Republican leaders of the House and Senate agriculture committees also welcomed the decision in as far as it avoided pushing through a final rule. House Agriculture Committee Chairman Michael Conaway, Republican-Texas, thanked the commissioners for their action and said Monday’s proposal would offer derivatives end-users across the economy “the opportunity to refine this rule and ensure that it does not negatively impact their ability to manage their risks.”
Senate Agriculture Committee Chairman Pat Roberts, Republican-Kansas, said that while he did not appreciate so-called “midnight rulemaking,” he was was encouraged that the CFTC decided not to make controversial parts of the rule final.
“With the new administration preparing to hit the ground running and critical issues remaining unresolved, I’m hopeful the CFTC will not take away valuable risk-management tools for our farmers, ranchers and end-users. They need more tools — not less.”
The proposal applies to 25 core physical commodity futures contracts and their economically equivalent futures, options and swaps.
Position limits to be based on up-to-date information
In one area of concern to natural gas companies, the re-proposal takes steps to ensure the position limits are set based on up to date information on deliverable supply of a commodity. It allows substantial increases in deliverable supply estimates in the energy sector, and Massad pointed to the sector as an example in which proposed limits for the spot month would be higher than the exchange-set limits today.
For NYMEX Natural Gas, Light Sweet Crude, NY Harbor ULSD and RBOB, the commission proposed initial spot-month position limits at 25% of estimated deliverable supply.
However, text of the regulation also states that the commission is re-proposing a conditional spot-month limit exemption of 10,000 contracts for cash settled contracts in natural gas.
“This exemption would to some degree maintain the status quo in natural gas because each of the NYMEX and ICE cash-settled natural gas contracts, which settle to the final settlement price of the physical delivery contract, include a conditional spot-month limit exemption of 5,000 contracts (for a total of 10,000 contracts),” the regulation said.
In a key change strongly pushed by large energy companies, the proposal includes a provision to allow the major exchanges to grant exemptions to position limits for bona fide hedging that are not specifically enumerated by the commission. That approach has come under criticism from some public interest groups, who argue the exchanges have a financial incentive to increase their volumes.
Massad noted the exchange-administered process “must be subject to our oversight as a matter of law and as a matter of policy, given the inherent tension in the roles of the exchanges and as market overseers and beneficiaries of higher trading values.”
Nonetheless, Tyson Slocum of Public Citizen was critical of the CFTC’s steps Monday. “Consumers lose with today’s decision to delay and weaken the long-stalled position limits rule,” he said in an email.
As part of the package, the CFTC also re-proposed the definition of bona fide hedges. It said exemptions are also proposed for positions set in good faith before the effective date of the initial limits under the rule.

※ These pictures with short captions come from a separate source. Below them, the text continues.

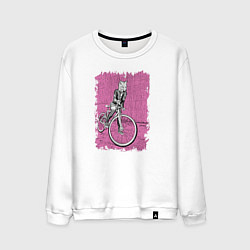 Свитшот хлопковый мужской Байк Панк Лисичка, цвет: белый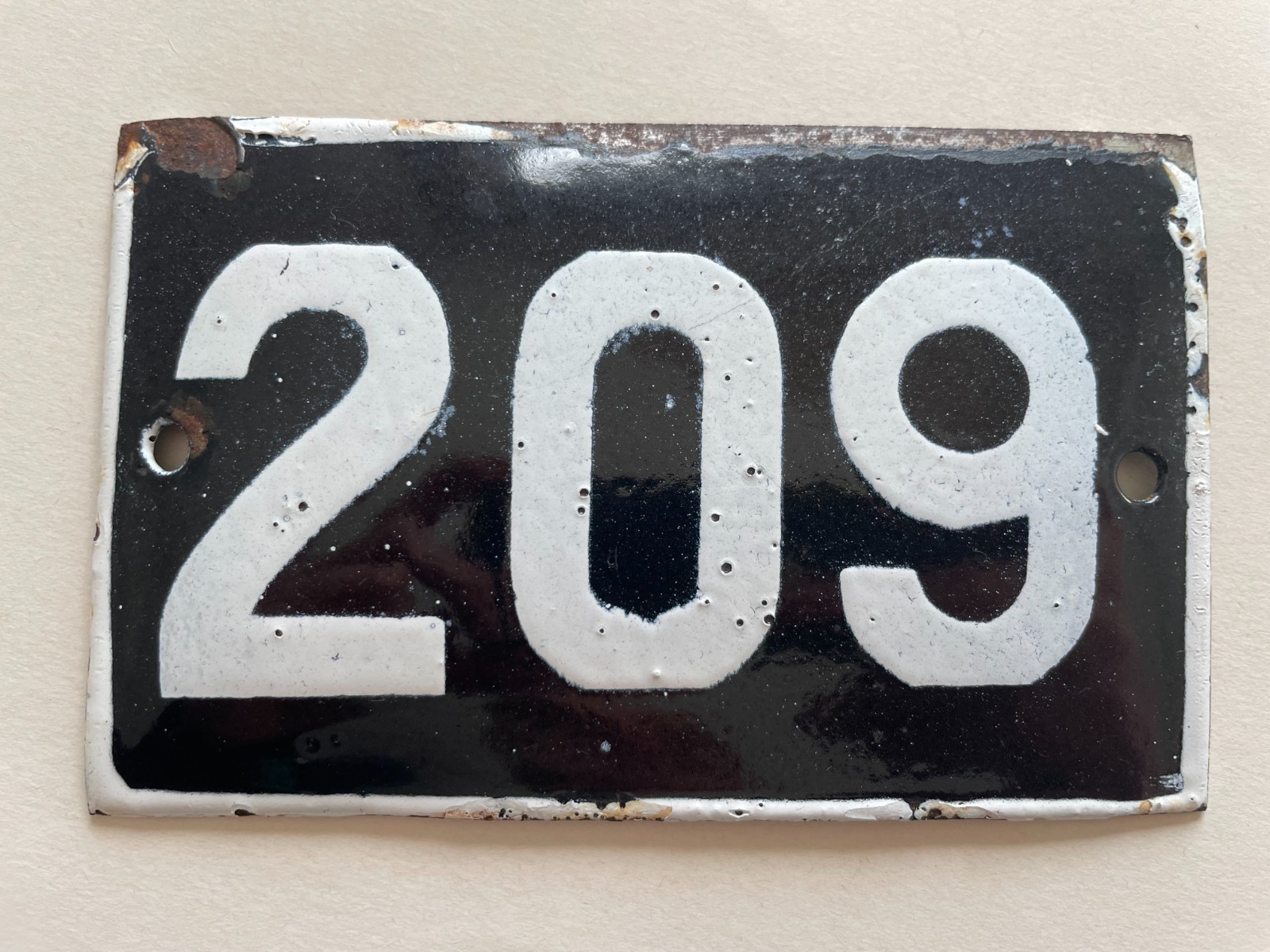 Vintage Enamel Porcelain House Number 209 Door Sign Dark Blue (almost Black)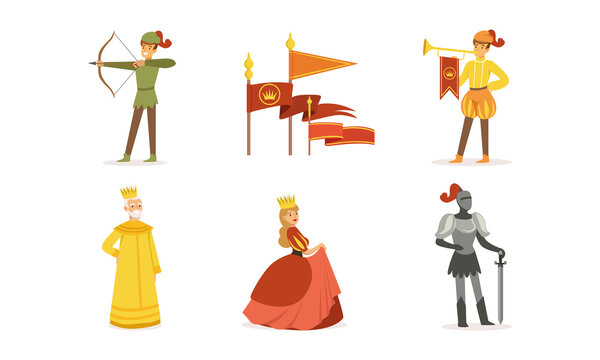 Medieval Kingdom Set, European Middle Ages or Fairy Tale Characters, Archer, Herald, King, Queen, Knight Cartoon Vector Illustration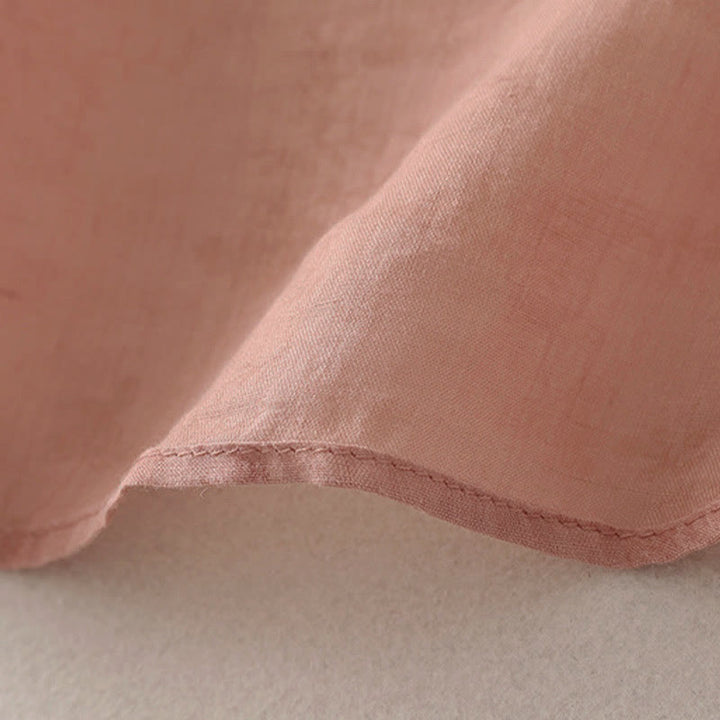 Buddha Stones Stehkragen, Stickerei, Knopfleiste, Dreiviertelärmel, Sommerbluse für Damen - image 12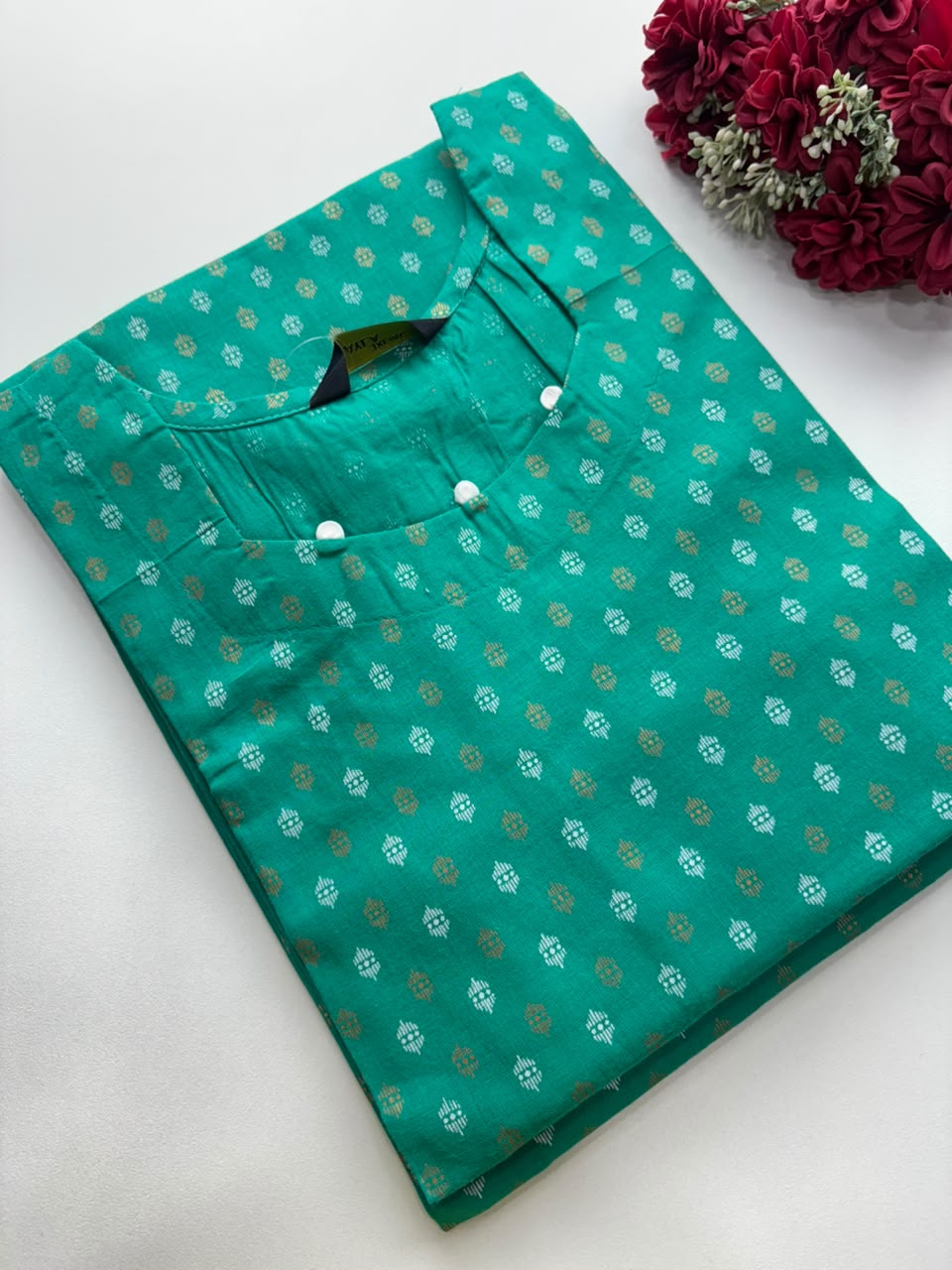 SS7160 Silk Printed Side Open Kurti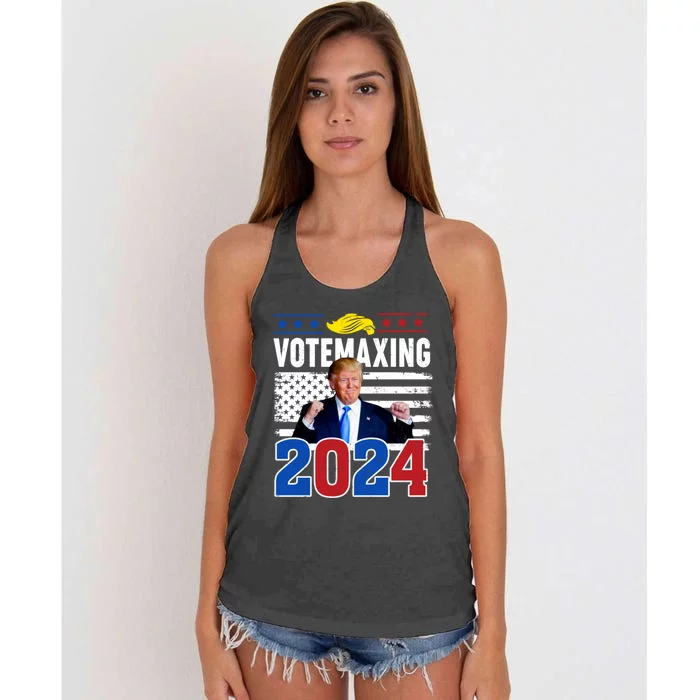 Votemaxing 2024 Looksmaxxing Funny Women's Knotted Racerback Tank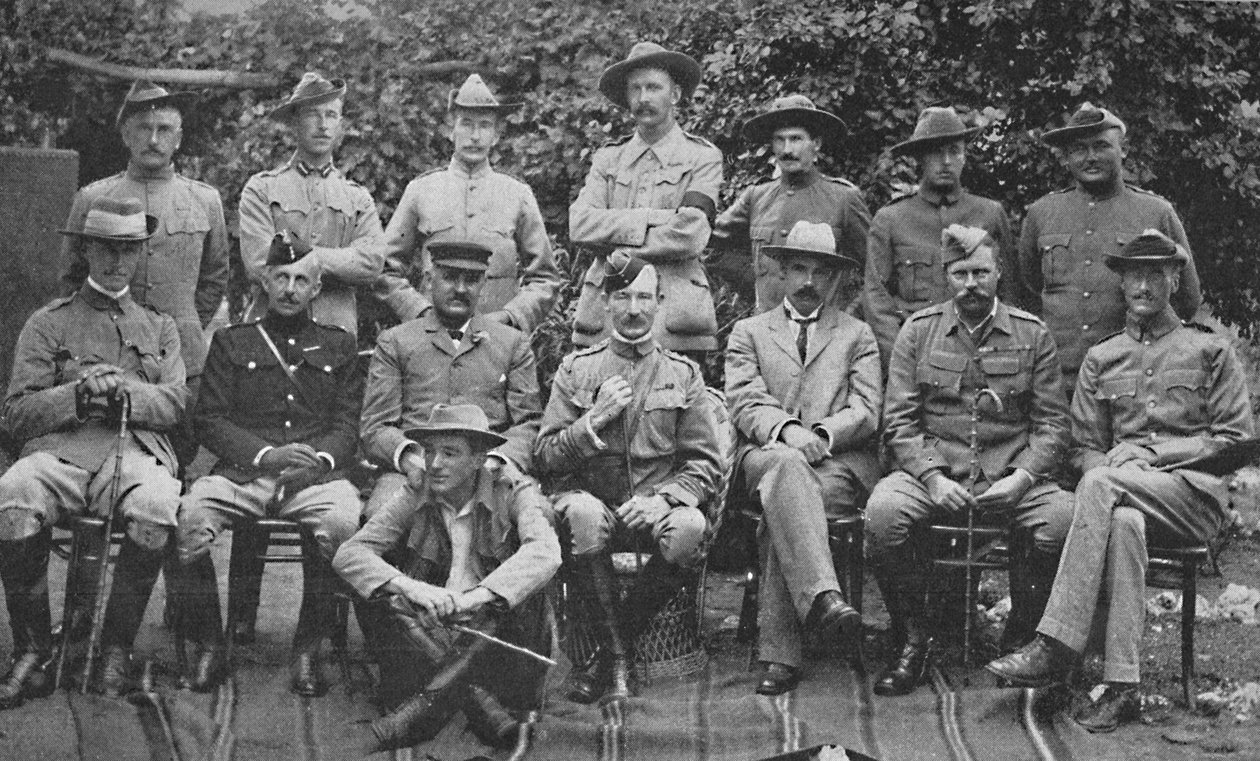 Generalmajor Baden-Powell og hovedmennene som hjalp ham med å forsvare Mafeking, 1900. av Unbekannt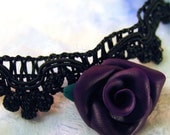 Dark Purple Rose on Black Lace Trim Choker
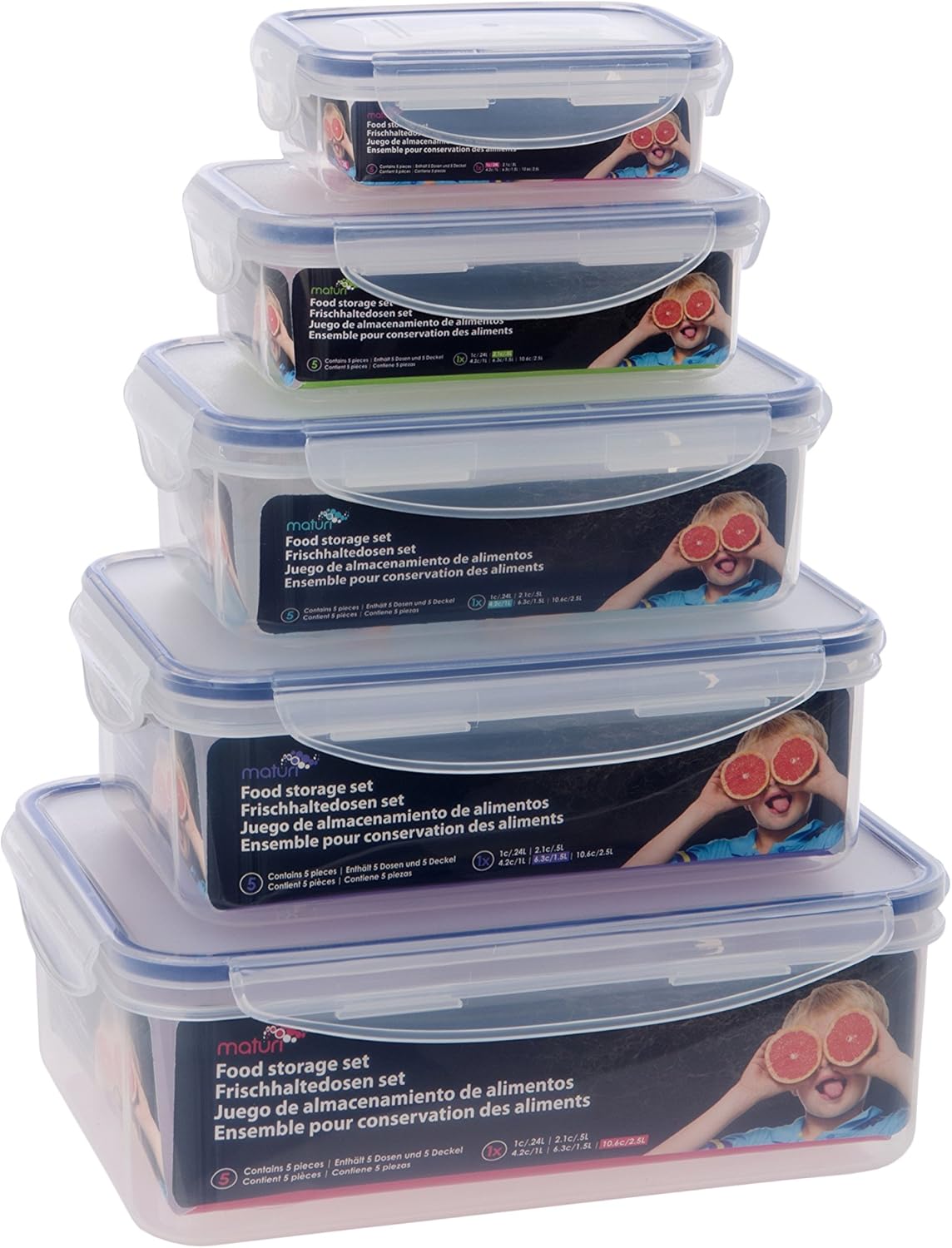 Lot de 5 boîtes alimentaires hermétiques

Comments are due 60 days after the final rule is published in the Federal Register.
In conjunction with the re-proposal, CFTC also made final a rule requiring aggregation of positions across a company and its affiliates. The rule aims to simplify the process for exempting companies from aggregation requirements when they lack control over trading by an entity.
Energy interest groups were still reviewing the proposed position limits regulation, which stretched to 910 pages, when all the background and appendices are included.
The American Gas Association, in a statement said, “We look forward to reviewing the new proposal and will be evaluating whether the proposed speculative position limits regime is established in a way that allows commercial end-users, such as gas utilities, to continue to enter into bona fide hedges to manage, hedge and mitigate the commercial risks of their natural gas distribution business in a cost-effective manner on behalf of customers.”